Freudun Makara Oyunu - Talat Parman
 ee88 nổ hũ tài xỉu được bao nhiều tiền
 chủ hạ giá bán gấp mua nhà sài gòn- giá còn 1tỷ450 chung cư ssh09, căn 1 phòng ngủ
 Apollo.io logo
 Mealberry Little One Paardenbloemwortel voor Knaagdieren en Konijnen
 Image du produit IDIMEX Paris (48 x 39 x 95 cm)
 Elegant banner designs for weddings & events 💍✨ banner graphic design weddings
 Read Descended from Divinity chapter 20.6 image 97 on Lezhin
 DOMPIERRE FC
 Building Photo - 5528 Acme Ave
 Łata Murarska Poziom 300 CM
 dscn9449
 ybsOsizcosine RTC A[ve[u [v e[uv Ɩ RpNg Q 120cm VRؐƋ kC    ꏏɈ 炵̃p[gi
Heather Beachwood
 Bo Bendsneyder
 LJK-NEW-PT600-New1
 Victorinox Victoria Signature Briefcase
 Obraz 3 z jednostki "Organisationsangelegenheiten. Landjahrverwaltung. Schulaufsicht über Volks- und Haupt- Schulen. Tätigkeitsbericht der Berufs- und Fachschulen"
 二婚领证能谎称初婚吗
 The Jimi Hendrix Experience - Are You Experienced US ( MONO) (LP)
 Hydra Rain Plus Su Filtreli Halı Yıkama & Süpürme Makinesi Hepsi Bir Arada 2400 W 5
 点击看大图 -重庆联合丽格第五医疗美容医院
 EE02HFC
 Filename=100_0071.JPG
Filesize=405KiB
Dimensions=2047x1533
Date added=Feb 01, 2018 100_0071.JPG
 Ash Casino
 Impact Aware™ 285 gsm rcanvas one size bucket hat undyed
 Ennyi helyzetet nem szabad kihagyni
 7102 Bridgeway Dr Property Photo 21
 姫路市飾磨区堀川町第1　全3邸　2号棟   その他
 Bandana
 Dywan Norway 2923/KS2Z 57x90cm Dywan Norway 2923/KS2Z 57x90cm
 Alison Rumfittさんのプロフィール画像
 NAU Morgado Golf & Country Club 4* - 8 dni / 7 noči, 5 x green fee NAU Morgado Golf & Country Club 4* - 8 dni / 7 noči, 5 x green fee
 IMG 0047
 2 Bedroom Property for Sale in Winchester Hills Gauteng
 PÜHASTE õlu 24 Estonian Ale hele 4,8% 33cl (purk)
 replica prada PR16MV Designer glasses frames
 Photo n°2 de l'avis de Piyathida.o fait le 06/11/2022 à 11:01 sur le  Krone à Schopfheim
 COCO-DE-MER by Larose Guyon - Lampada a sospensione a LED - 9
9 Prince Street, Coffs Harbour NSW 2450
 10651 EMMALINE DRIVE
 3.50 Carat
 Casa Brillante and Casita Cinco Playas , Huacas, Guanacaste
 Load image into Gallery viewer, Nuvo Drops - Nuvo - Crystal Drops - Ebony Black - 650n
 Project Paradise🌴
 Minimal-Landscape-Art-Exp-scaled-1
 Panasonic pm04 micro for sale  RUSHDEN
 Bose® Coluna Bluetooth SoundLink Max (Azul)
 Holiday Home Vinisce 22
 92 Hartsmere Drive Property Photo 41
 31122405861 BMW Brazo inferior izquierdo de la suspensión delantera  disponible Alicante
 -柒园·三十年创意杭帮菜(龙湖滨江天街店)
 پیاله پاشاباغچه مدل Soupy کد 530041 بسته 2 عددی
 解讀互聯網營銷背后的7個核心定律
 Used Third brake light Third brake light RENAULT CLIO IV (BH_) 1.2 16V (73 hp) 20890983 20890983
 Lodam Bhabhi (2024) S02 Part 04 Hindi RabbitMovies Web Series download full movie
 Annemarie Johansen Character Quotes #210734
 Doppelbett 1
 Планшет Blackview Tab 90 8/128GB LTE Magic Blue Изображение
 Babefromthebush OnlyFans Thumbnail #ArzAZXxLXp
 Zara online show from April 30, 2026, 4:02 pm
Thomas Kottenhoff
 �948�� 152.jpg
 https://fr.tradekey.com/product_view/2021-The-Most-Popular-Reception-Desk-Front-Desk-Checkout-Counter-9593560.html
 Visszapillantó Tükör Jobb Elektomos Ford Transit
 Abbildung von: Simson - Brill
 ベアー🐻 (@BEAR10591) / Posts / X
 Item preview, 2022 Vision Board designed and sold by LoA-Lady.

▶ _Aim of the task_
Reproduce each line of the material containing the word "Photo".

▶ _Task output_
 Building Photo - 5528 Acme Ave
 7102 Bridgeway Dr Property Photo 21
 Photo n°2 de l'avis de Piyathida.o fait le 06/11/2022 à 11:01 sur le  Krone à Schopfheim
 92 Hartsmere Drive Property Photo 41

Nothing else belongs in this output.